Problem requirements: Your answer must be an exact transcription of the data, with every picture omitted.

Input data:
---+---
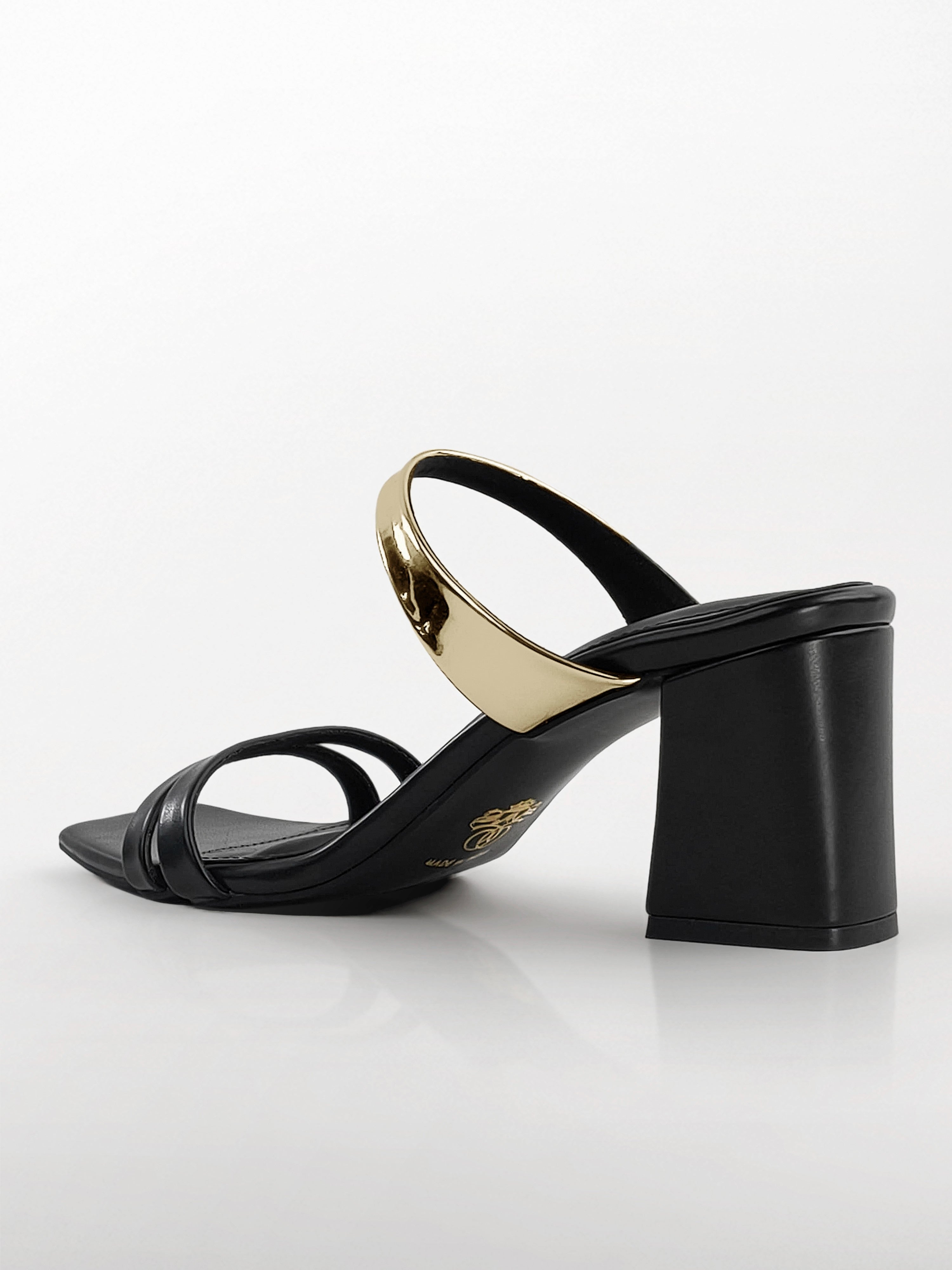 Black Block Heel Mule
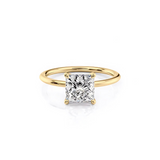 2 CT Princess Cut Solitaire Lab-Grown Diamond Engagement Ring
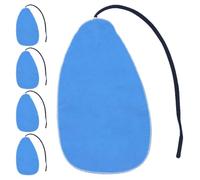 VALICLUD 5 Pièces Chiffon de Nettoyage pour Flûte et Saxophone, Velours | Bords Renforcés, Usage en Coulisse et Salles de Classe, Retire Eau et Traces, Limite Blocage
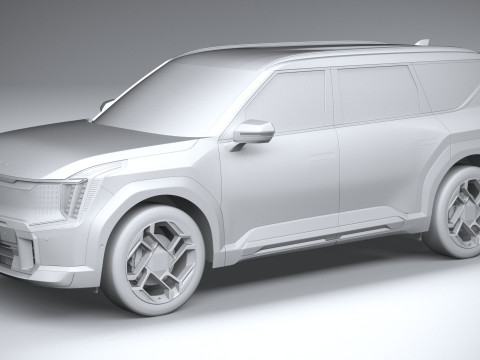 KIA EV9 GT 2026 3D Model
---+---
Reply to the task:
 Black Block Heel Mule
 2 CT Princess Cut Solitaire Lab-Grown Diamond Engagement Ring
 VALICLUD 5 Pièces Chiffon de Nettoyage pour Flûte et Saxophone, Velours | Bords Renforcés, Usage en Coulisse et Salles de Classe, Retire Eau et Traces, Limite Blocage
 KIA EV9 GT 2026 3D Model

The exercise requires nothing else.